● WHAT YOU WILL DO: Copy task, pictures excluded: set down exactly the lines from the one containing "carpeted empty room" to the end of the data below.

------ SUPPLIED DATA ------

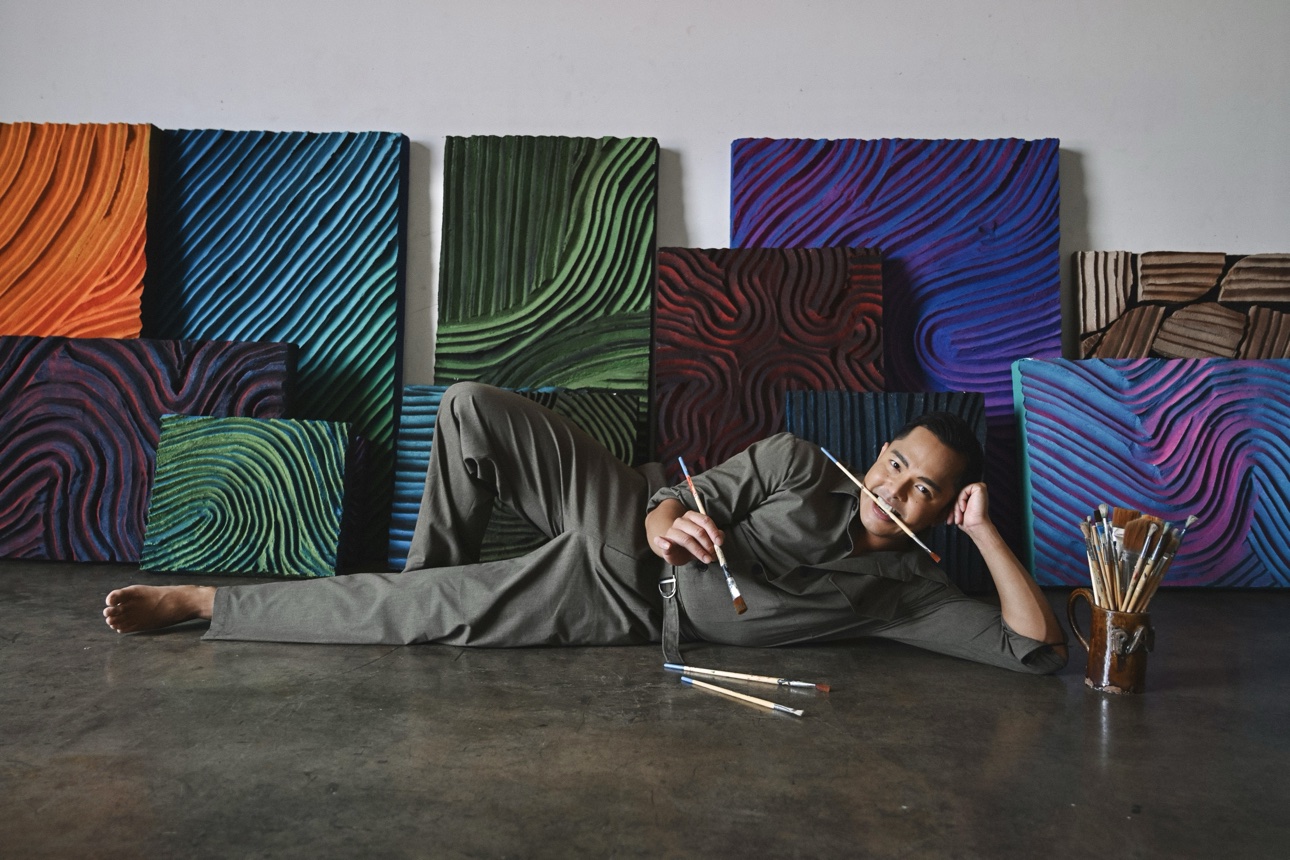 Patrick reclining on the studio floor with paintbrushes, the collection wall behind him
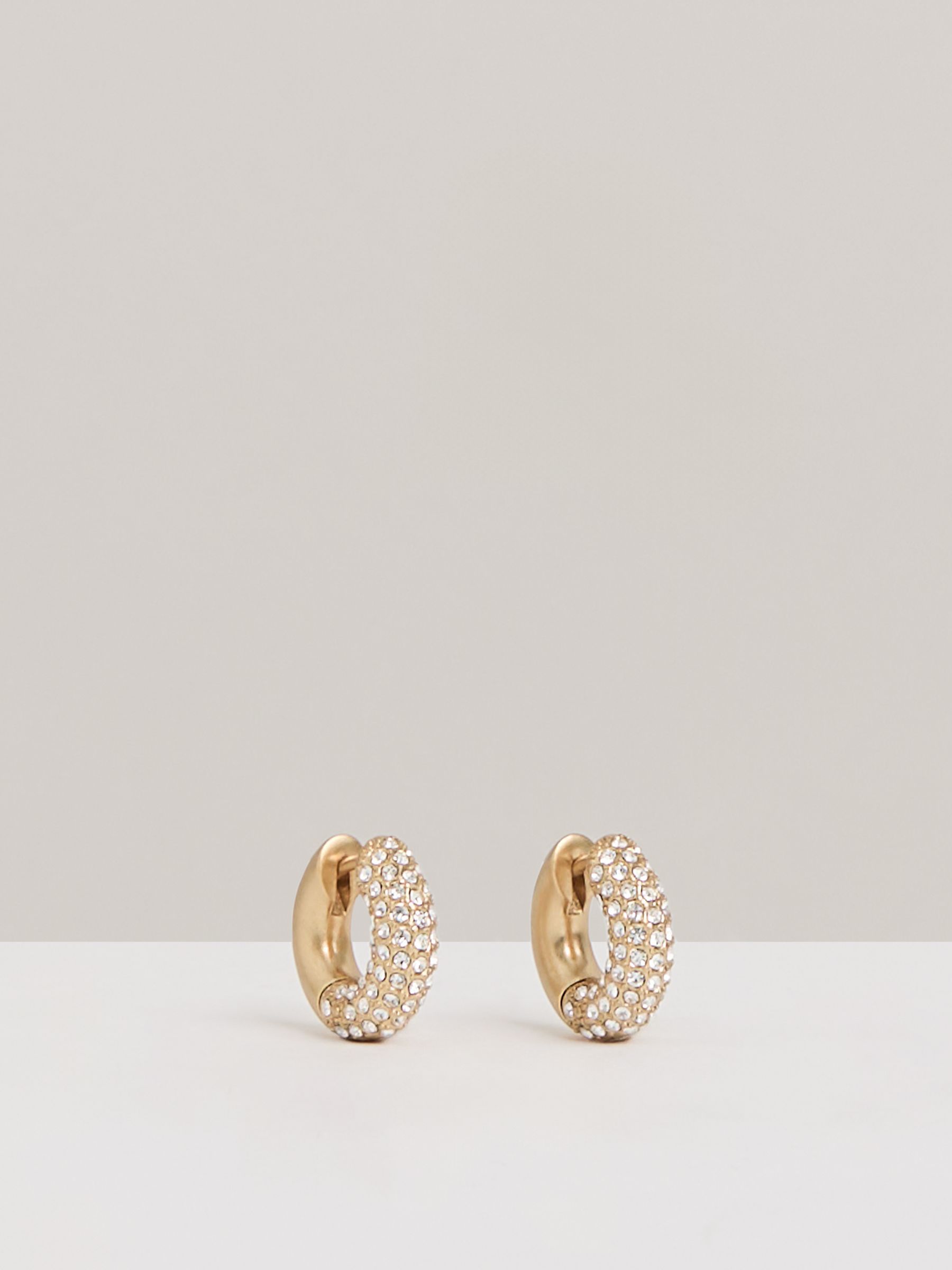 Pavé Huggie Earrings in Gold Tone - Image 1 of 6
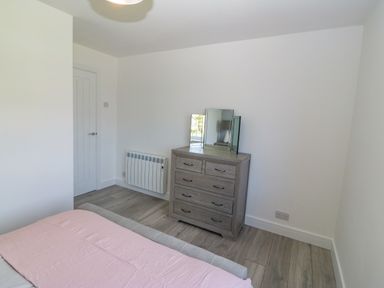 A bedroom with a bed covered in a pink blanket a wooden dresser with a mirror and a white door at Daresfield in Cemaes Bay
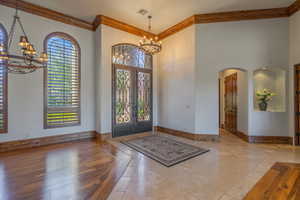 Foyer with hanging lights, ornamental molding, inlaid floor details, french doors, and arched walkways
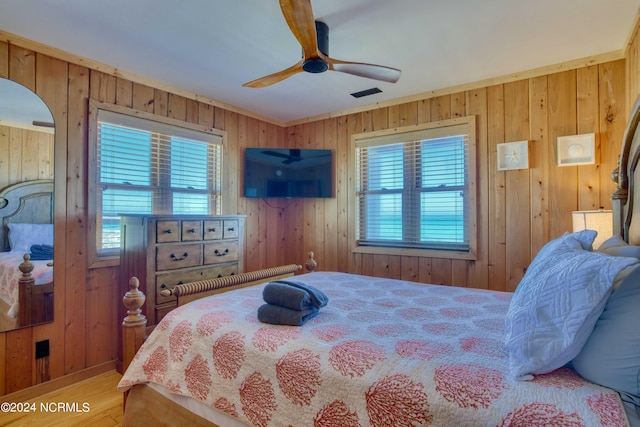 bedroom with wood-type flooring, ceiling fan, and wooden walls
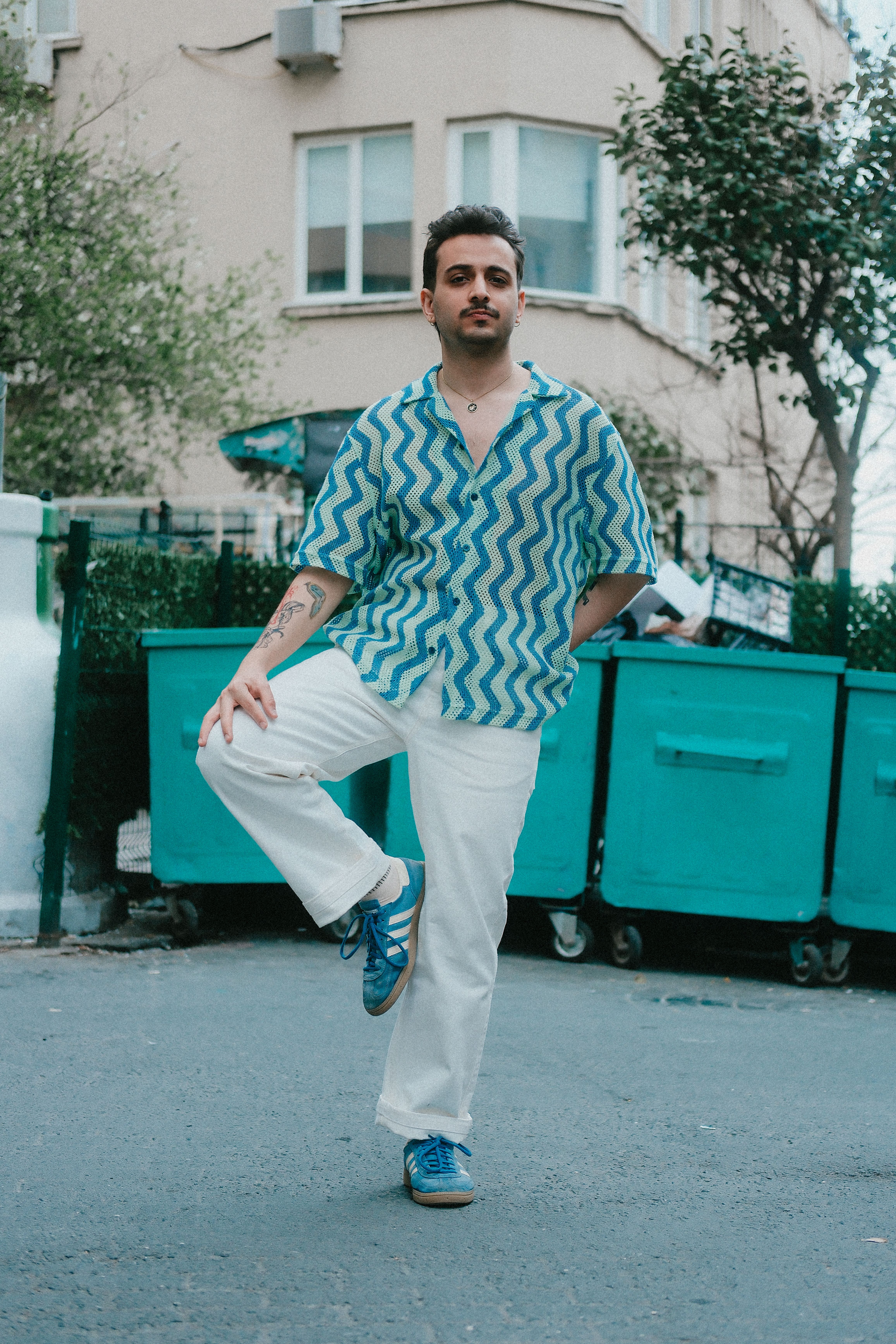 Fashionable man poses stylishly on a city street with dumpsters in the background.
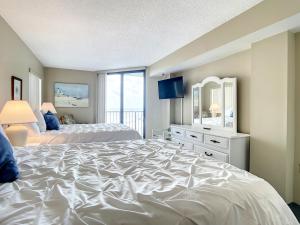 1 dormitorio grande con 2 camas y espejo en Ocean View with a beachfront pool at Ocean Trillium Condo 504, en New Smyrna Beach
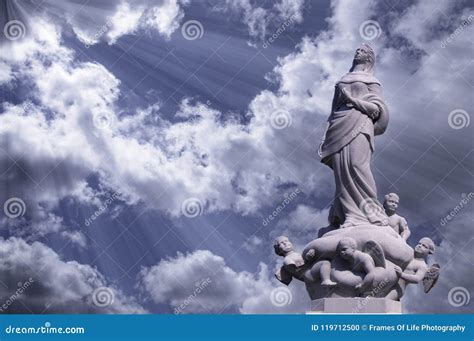 Mother Mary Surrounded By Angels With Light From Heaven Stock Photo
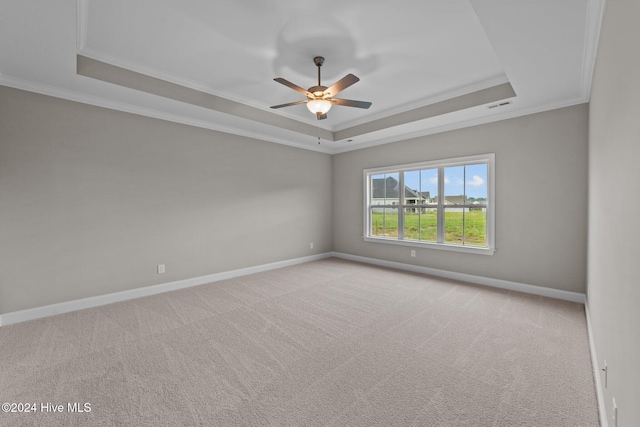 carpeted empty room featuring a tray ceiling, ceiling fan, and ornamental molding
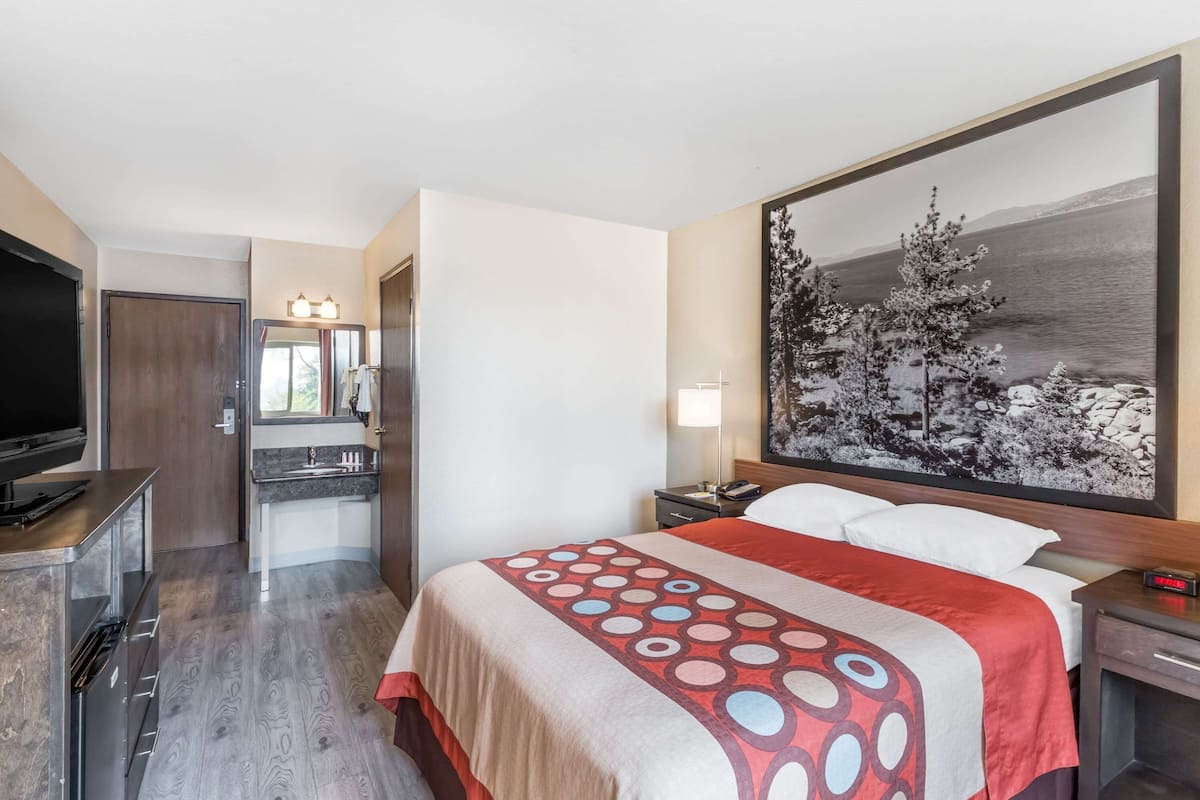 A hotel room with a bed, a TV, a desk, and a bathroom.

------

● ANSWER TO THIS PROBLEM:
 carpeted empty room featuring a tray ceiling, ceiling fan, and ornamental molding
 A hotel room with a bed, a TV, a desk, and a bathroom.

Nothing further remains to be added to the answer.